Years of lean funding have led to a climate that is discouraging some of our best young people from entering, or remaining in, science. They also are bleeding away a generation of mid-career investigators just when their leadership is needed most at many institutions. I don’t know whether the answer lies in a commitment by the government to provide stable funding for our major grant-making agencies or in a reduction in the size of all awards so that more can be funded, or both, but, I do know that the roller coaster must stop. Unfortunately, that may depend on a healthy, growing economy, and your guess is as good as mine about the prospects for that.
Biochemistry itself also is at something of a cross roads. The quintessential reductionist science, it is being eclipsed in some quarters by the frenetic data-gathering efforts of genomics (and other “-omics”) and the mathematically driven modeling of systems biology. I, for one, remain unconvinced that reams of data inevitably lead to big insights, and that to model something means you understand it in depth. For me, biochemistry remains a vital and essential science, as important a part of the efforts of modern biology as any other discipline. But, I think we need to do a better job than we have in making that case to young scientists, the funding agencies, our governments and the lay public. Integrating some of the methods from genetics, genomics and systems biology into our own work might not be a bad idea either.
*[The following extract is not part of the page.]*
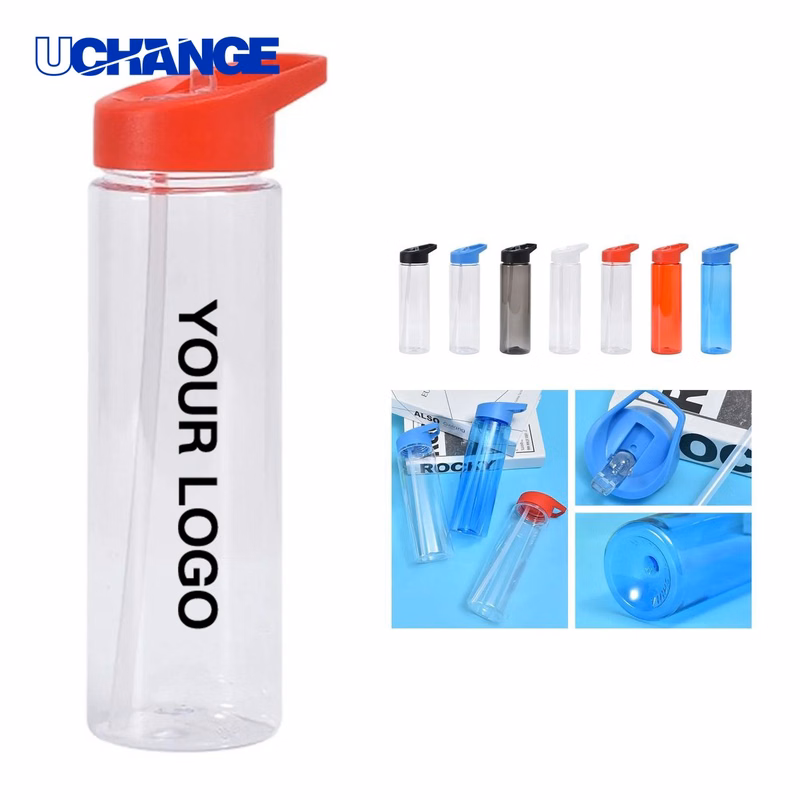 PS Drinking Cup Drinkware 24oz with Built In Straw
I’ll continue to write about all this, of course, in my regular monthly column for Genome Biology, as well as in occasional opinion pieces for BMC Biology and EMBO Reports. I may even revisit these pages from time-to-time, as I love the audience they reach. But for now, it’s time for El Presidente, as one member called him, to say “Adios.”
From time to time, members have asked me if there was anything that surprised me about being president. It probably was the easiest question I’ve had to answer. When I started this job, I liked ASBMB a lot, but, I didn’t love it. I do now, and that was something I never expected to happen. You normally don’t love something as impersonal as an organization, but I was amazed at how easy it was to love ASBMB once I really got to know it. That was entirely due to the people involved with it, and I want to say thanks to all of them from the bottom of my heart.
First and foremost, my heartfelt gratitude goes to Barbara Gordon, the society’s executive director, for showing me the ropes and keeping this chronic procrastinator mindful of his duties. Her patience, good humor and all-around competence were a constant source of support and encouragement. I can say pretty much the same about Jessica Homa, Joan Geiling, Sarah Crespi, and all the ASBMB staff (too numerous to mention here, but see http://bit.ly/cSQTJH for a complete list). The dedication that they have to the society is heart-warming, and their tireless efforts on its behalf are one of the main reasons for its continued success.
For more information
• Listen to a series of podcast interviews with Gregory Petsko.
•A symposium celebrating the 30- year collaboration between Gregory Petsko and Dagmar Ringe.
I must not forget to offer my thanks, and my deep respect, to those members who devote their time and efforts to our council and to our standing committees as well (a list can be found at http://bit.ly/cetJQB). It is to them, not the President, that the real work of governing the society falls, and we have a remarkable group carrying that out. You see, I rapidly came to understand that there must be something special about ASBMB if so many terrific scientists, all of whom are incredibly busy, would make its service a priority in their lives. That was when I realized that I had started to feel more than just a liking for it.
Last, and by no means least, I want to say thank you to you, our members. Thank you for making biochemistry and molecular biology as vital and relevant in the 21st century as it was in the 20th. Thank you for reading our journals and paying your dues and coming to our meetings. Thank you for upholding the high standards of our profession in all that you do. Thank you for the advice you gave me during my time in office— even when I didn’t take it, I assure you I listened to it and I valued it. Thank you for writing to ASBMB Today and making its letter pages a vibrant source of debate. Thank you for your praise, your suggestions, your criticism, your complaints and your good wishes. I needed every bit of it. Most of all, thank you for caring. Don’t ever stop.